An official opening and dedication service was held on Saturday after the congregation’s ancient Axumite traditions, which can be traced back to the fourth century. It was led by the Tigrayan Orthodox Archbishop of Europe, the Most Revd Abune Ephrem. The Holy Tabot — a replica of the Ark of the Covenant — was moved into the church on the preceding Friday.
Christianity reached Ethiopia in the fourth century, when King Ezana of the Kingdom of Axsum in Tigray was converted to Christianity by a missionary from Tyre, Frumentius.
The UK census of 2021 recorded 22,152 Ethiopian-born people in the country. A press release from St Gabriel’s said that many people from Tigray — the northernmost state in Ethiopia, famed for its rock churches — had taken refuge in the UK in recent decades. Tigrayans are a minority-ethnic group in Ethiopia, making up six per cent of the population.
During the Tigray war (2020-22) government forces fought with forces loyal to the Tigray People’s Liberation Front (TPLF), the ruling group in the region (News, 20 November 2020). It is estimated that up to 600,000 people were killed. Widespread famine took hold. Patriarch Mathias Abune, of the Ethiopian Orthodox Church, warned of “genocide”.

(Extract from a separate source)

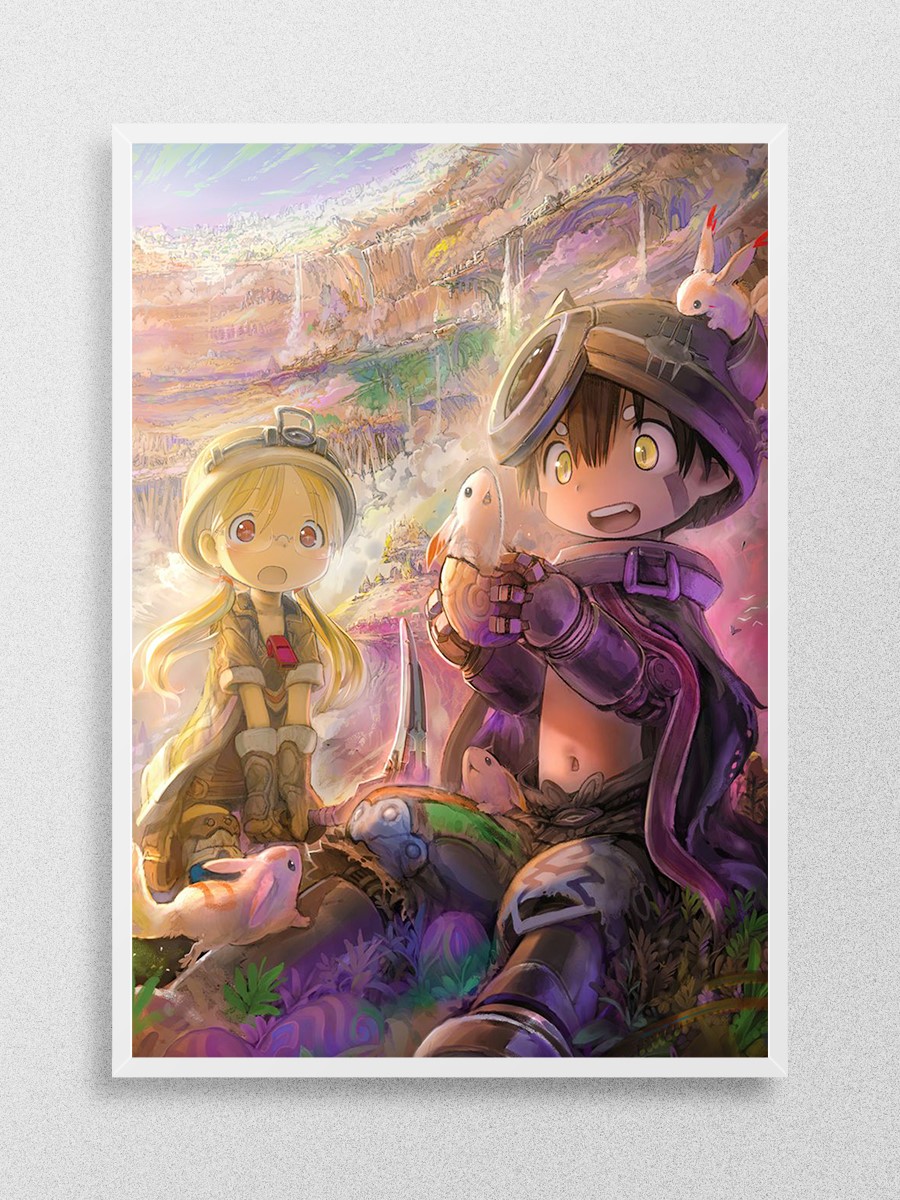 Made in Abyss Anime Poster Çerçevesiz Yüksek Kalite Anime Duvar Poster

The Tigrayan Orthodox Tewahedo Church declared its independence from the Ethiopian Orthodox Tewahedo Church in 2021, alleging that it was too closely aligned with the Ethiopian government (Comment, 1 September 2023). Earlier that year, it was reported that 750 people had been massacred in the cathedral complex at Axsum by Ethiopian federal troops (News, 15 January 2021). The Inter-Religious Council of Tigray reported that more than 1000 clerics had been killed.
The Eltham church was built in 1932 to house a Congregational church. The closure of the URC church was announced in 2024, on grounds of “the dwindling congregation and difficult finances caused by high energy bills and expensive upkeep of the property”.